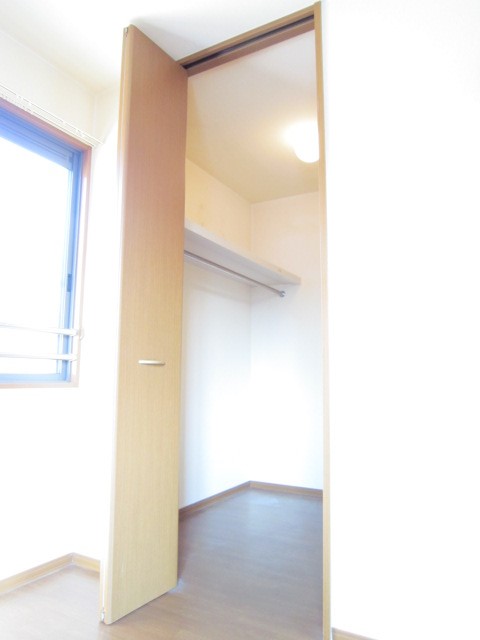 グランエトワールＣ その他4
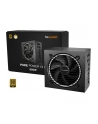 be quiet! ZASILACZ BEQUIET! PURE POWER 13 M 850W - nr 9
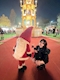 プロフィール写真8・きら(OH!RE:VILLA｜OH! RE:VILLA・オレビラ - 歌舞伎町のガールズバー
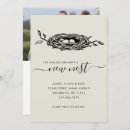 Pesquisar por casa do pássaro convites Novo endereço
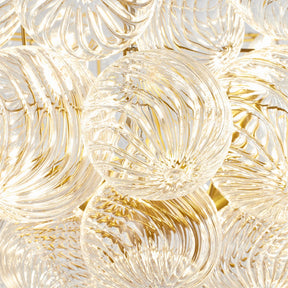 Talial Sconce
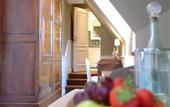 Туры в отель Hotel Prinsenhof Bruges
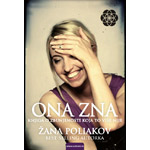 ONA ZNA - Žana Poliakov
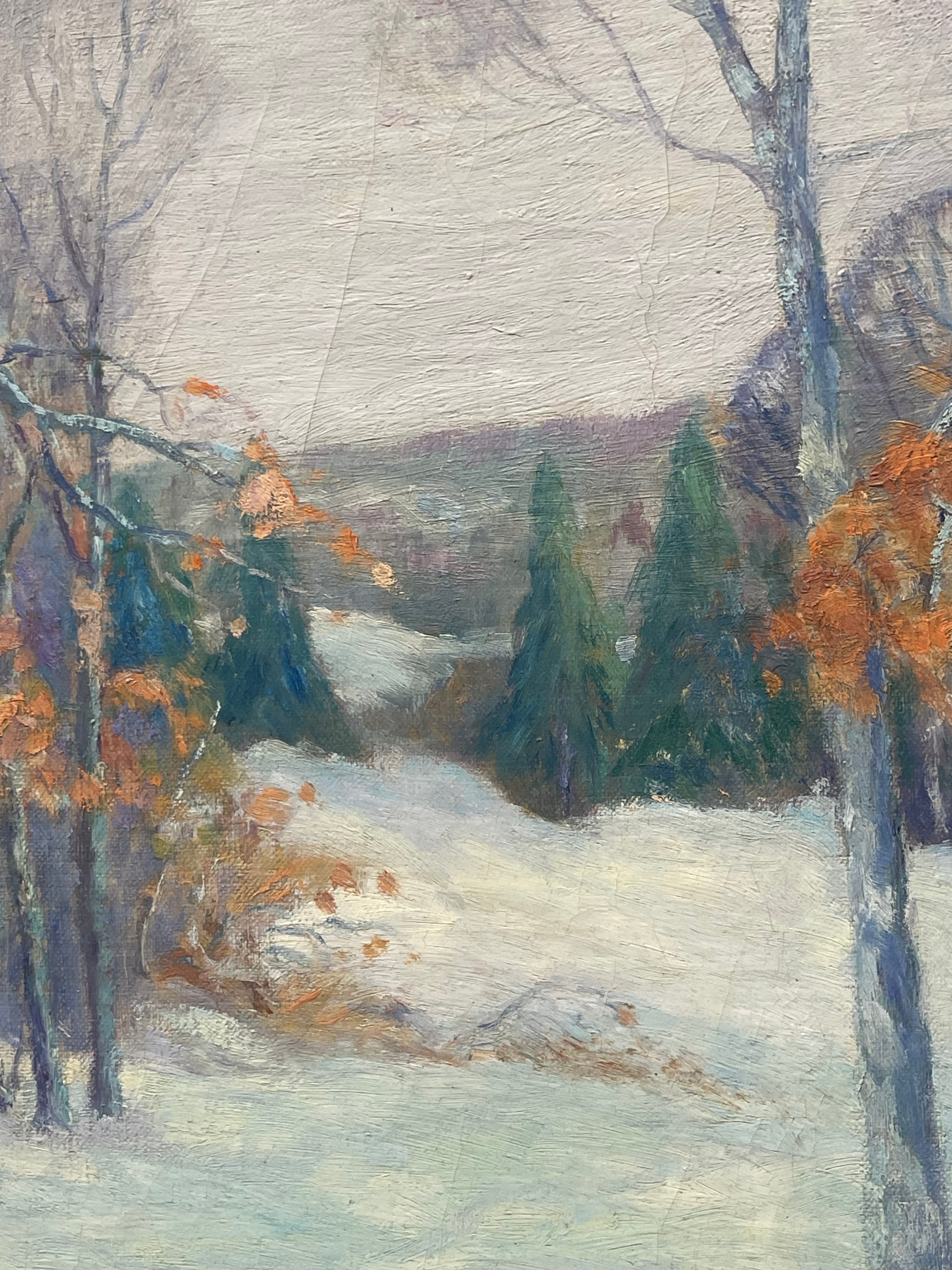 Carl Berglund (IL, 1898-1991)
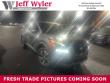 Used 2023 Nissan Rogue SV SUV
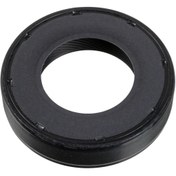 Resim Citroen Xsara Aks Keçesi Sağ İthal Marka 1623179680 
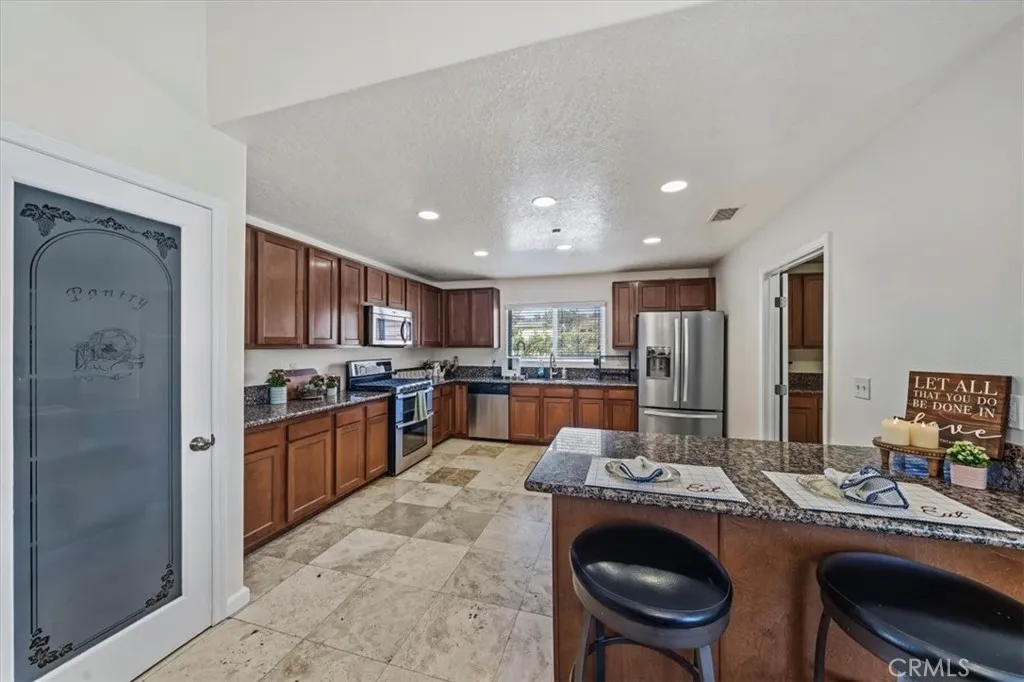Additional image 8 of 16461 Fremontia St, Hesperia, CA 92345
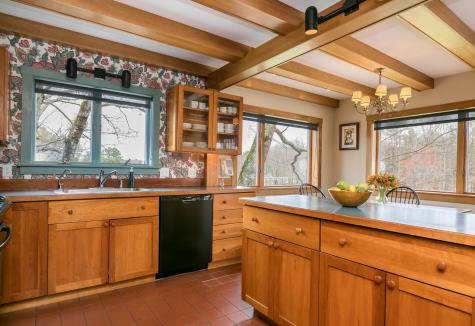 74 Beech Ridge Road Scarborough ME 04074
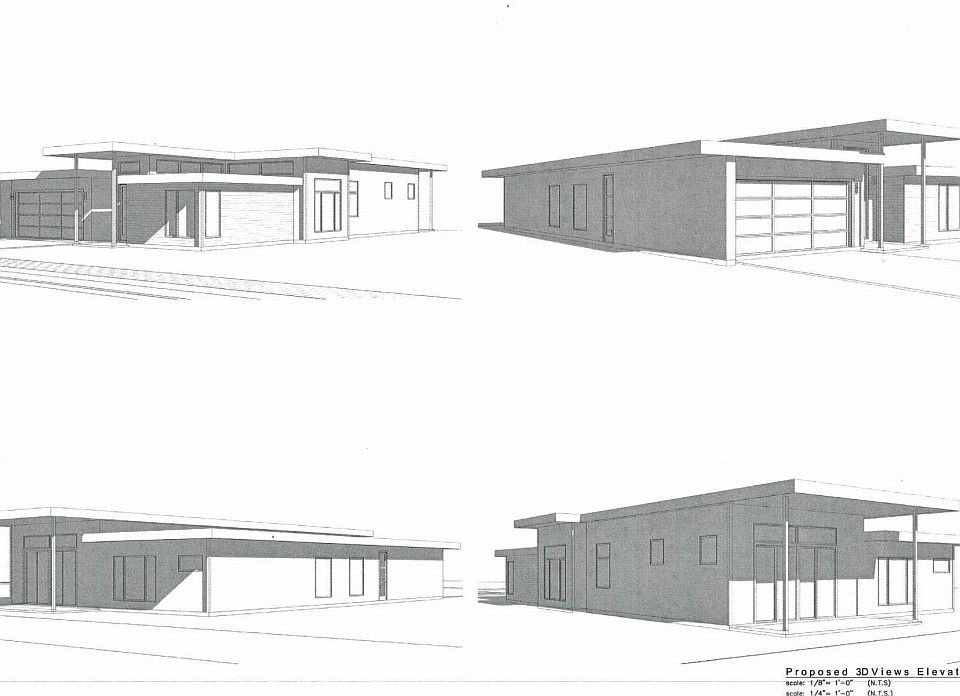 1st image of 20606 Henry Ave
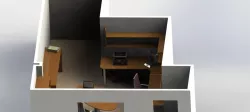 3D Printing Lab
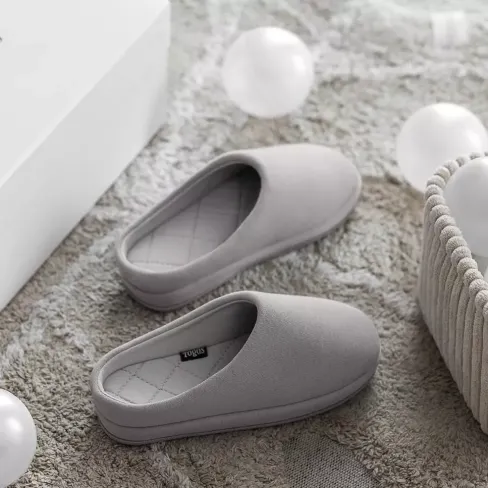 Kids slippers OLIVIA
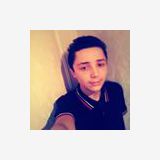 Photo de profil de Gregory Renard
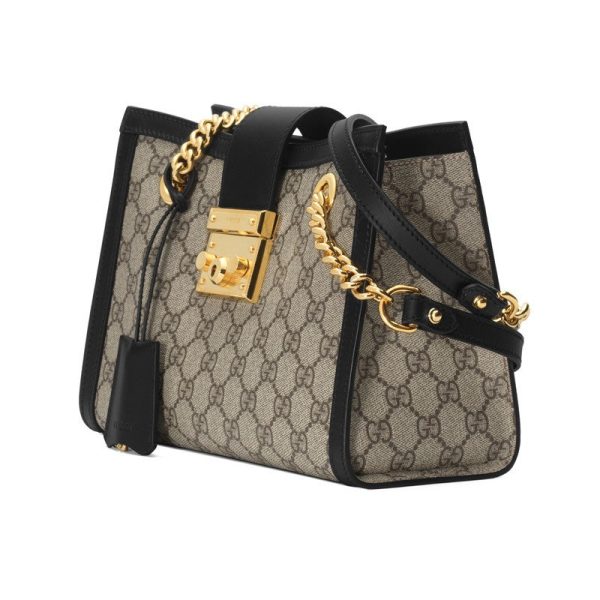 GUCCI shoulder bag - Image 2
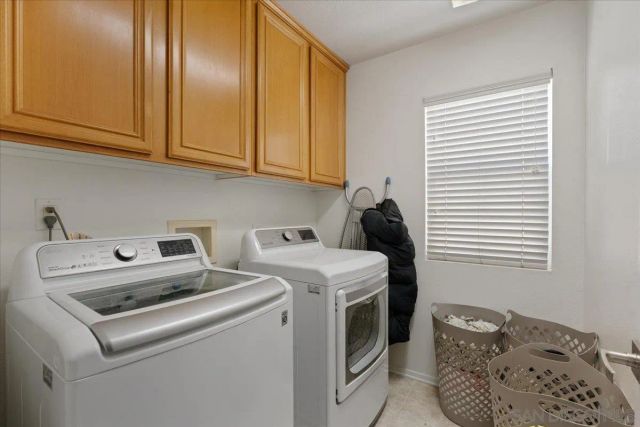 28434 Bruning St, Murrieta, CA 92563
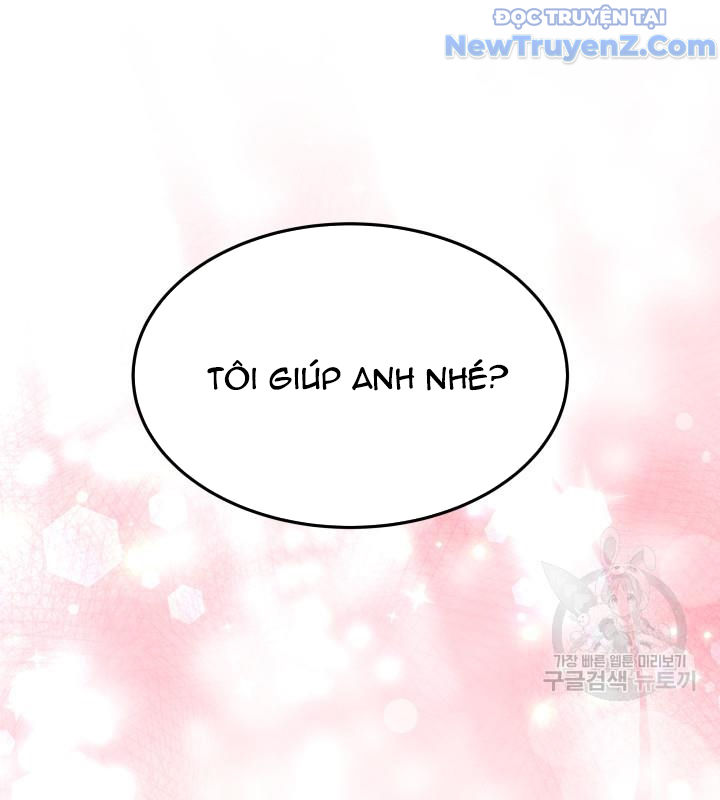 Sống Lại Một Lần Nữa chapter 4 - Trang 22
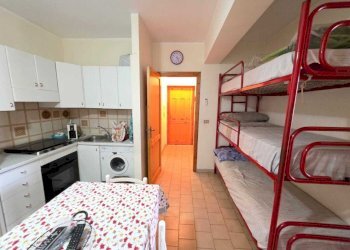 WhatsApp Image 2026-07-14 at 15.32.00 (4) - Two-room apartment Roccalumera - photo 3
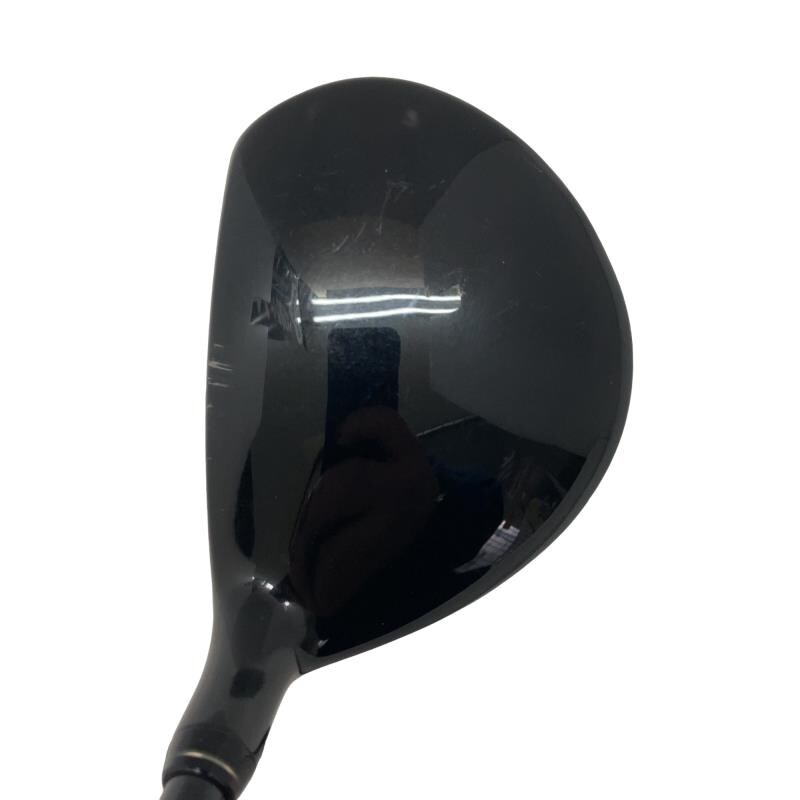 �r�q�h�w�n�m�@�v�|�S�O�R�`�c�@�V�v�@�t�r�`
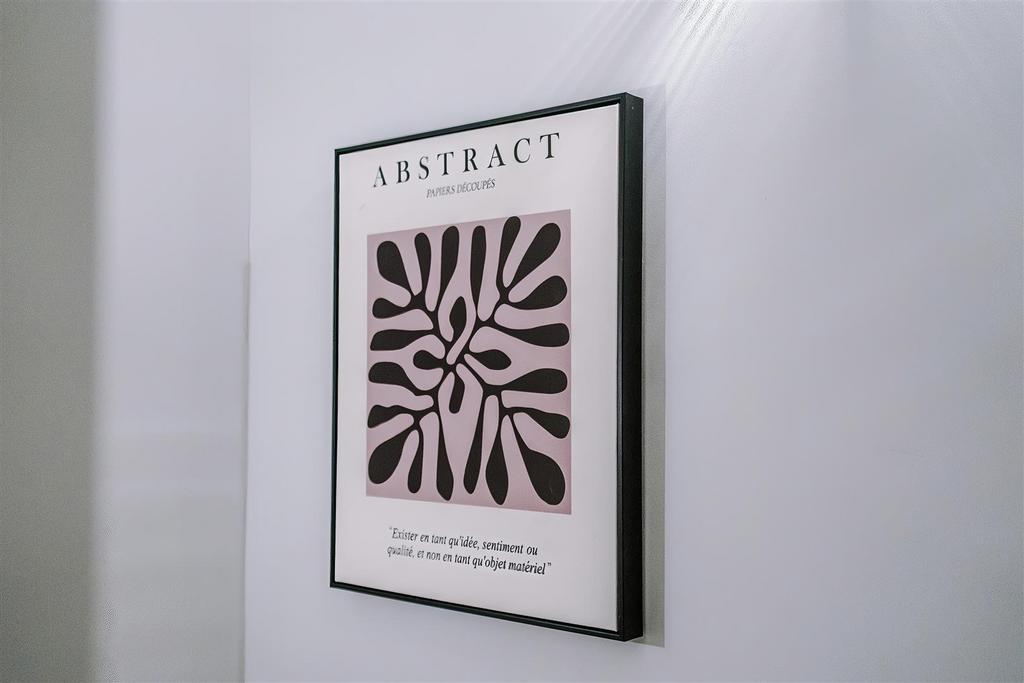 459 Rochdale Old Road-HMO-167.JPG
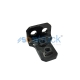 Brake Shaft Angle Bracket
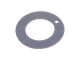 509-2278: WASHER-THRUS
· · ·
## Problem to work on
Output the lines, exactly: the first line of the entries above, every line after it, and the line with "Resim Citroen Xsara" as the last. No pictures.

## Completed exercise
 グランエトワールＣ その他4
 be quiet! ZASILACZ BEQUIET! PURE POWER 13 M 850W - nr 9
 プロフィール写真8・きら(OH!RE:VILLA｜OH! RE:VILLA・オレビラ - 歌舞伎町のガールズバー
 Pesquisar por casa do pássaro convites Novo endereço
 Talial Sconce
 Туры в отель Hotel Prinsenhof Bruges
 ONA ZNA - Žana Poliakov
 Carl Berglund (IL, 1898-1991)
 Used 2023 Nissan Rogue SV SUV
 Resim Citroen Xsara Aks Keçesi Sağ İthal Marka 1623179680 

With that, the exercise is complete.